# 01 — Data Cleaning

Purpose: produce a clean, analysis-ready CSV from the raw sales records. This notebook:

- Loads raw CSV(s) from `data/raw/`
- Handles missing values and duplicates
- Normalizes column names and types
- Exports cleaned CSV to `data/processed/BMW_Worldwide_Sales_Cleaned.csv`

Run instructions: execute cells in order; no external inputs required beyond placing raw CSV(s) in `data/raw/`.

In [None]:
# Import libraries
import pandas as pd
import os

# Define file paths
RAW_DATA_PATH = "../data/raw/BMW_Worldwide_Sales_Records_2010_2024.csv"
PROCESSED_PATH = "../data/processed/BMW_Worldwide_Sales_Cleaned.csv"

In [None]:
df = pd.read_csv(RAW_DATA_PATH)

print("Shape:", df.shape)
df.head()


In [None]:
# Basic info
print("Data info:")
print(df.info())

# Check column names
print("\nColumns:")
print(df.columns.tolist())

# Quick overview of numeric stats
df.describe()


In [None]:
missing = df.isna().sum().sort_values(ascending=False)
missing_percent = (missing / len(df)) * 100

print("Missing values per column:")
print(pd.DataFrame({"Missing_Count": missing, "Missing_Percent": missing_percent.round(2)}))


In [None]:
duplicates = df.duplicated().sum()
print("Duplicate rows found:", duplicates)

if duplicates > 0:
    df = df.drop_duplicates()
    print("Removed duplicates. New shape:", df.shape)


In [None]:
# Separate numeric and object columns
num_cols = df.select_dtypes(include=['number']).columns
obj_cols = df.select_dtypes(include=['object']).columns

# Fill numeric columns with median
for col in num_cols:
    median_val = df[col].median()
    df[col].fillna(median_val, inplace=True)

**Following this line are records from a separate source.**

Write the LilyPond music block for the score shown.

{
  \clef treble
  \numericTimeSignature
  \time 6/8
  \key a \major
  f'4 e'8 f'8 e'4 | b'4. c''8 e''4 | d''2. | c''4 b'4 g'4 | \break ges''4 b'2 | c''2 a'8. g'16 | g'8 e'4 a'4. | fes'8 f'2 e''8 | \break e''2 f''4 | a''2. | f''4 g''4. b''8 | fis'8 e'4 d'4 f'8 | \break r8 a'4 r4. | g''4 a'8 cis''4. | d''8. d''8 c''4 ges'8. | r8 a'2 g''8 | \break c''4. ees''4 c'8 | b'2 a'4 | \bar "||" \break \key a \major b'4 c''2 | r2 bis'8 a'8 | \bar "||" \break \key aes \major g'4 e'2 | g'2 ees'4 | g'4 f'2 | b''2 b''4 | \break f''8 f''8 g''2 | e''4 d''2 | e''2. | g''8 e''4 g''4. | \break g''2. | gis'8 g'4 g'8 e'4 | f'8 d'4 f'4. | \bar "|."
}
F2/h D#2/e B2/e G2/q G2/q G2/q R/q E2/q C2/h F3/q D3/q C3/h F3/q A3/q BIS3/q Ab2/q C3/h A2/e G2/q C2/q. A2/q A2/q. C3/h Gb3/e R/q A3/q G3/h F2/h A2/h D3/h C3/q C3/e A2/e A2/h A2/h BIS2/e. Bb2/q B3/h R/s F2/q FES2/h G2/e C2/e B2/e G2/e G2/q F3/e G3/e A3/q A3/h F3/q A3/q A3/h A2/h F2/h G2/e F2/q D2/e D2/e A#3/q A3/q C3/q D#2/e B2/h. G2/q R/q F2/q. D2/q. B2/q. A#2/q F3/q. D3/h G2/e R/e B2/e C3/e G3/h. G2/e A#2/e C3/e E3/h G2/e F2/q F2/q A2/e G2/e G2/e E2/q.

# Fill object columns with mode
for col in obj_cols:
    mode_val = df[col].mode()[0]
    df[col].fillna(mode_val, inplace=True)

print("Missing values after filling:")
print(df.isna().sum().sum())  # Should be 0 if all handled


In [None]:
print("Data shape after cleaning:", df.shape)
df.info()


In [None]:
# Save cleaned data for analysis in EDA notebook
df.to_csv(PROCESSED_PATH, index=False)
print(f"Cleaned dataset saved to {PROCESSED_PATH}")


## Summary

This notebook successfully cleaned the raw BMW sales dataset with the following outcomes:

**Key Actions:**
- Loaded 15 years of worldwide sales data (2010-2024)
- Identified and removed duplicate records
- Handled missing values using median (numeric) and mode (categorical) imputation
- Validated data types and column consistency

**Output:**
- Clean dataset saved to `data/processed/BMW_Worldwide_Sales_Cleaned.csv`
- Zero missing values in final dataset
- Data ready for exploratory analysis and feature engineering

**Next Steps:** Proceed to `02_eda.ipynb` for exploratory analysis and visualization of trends.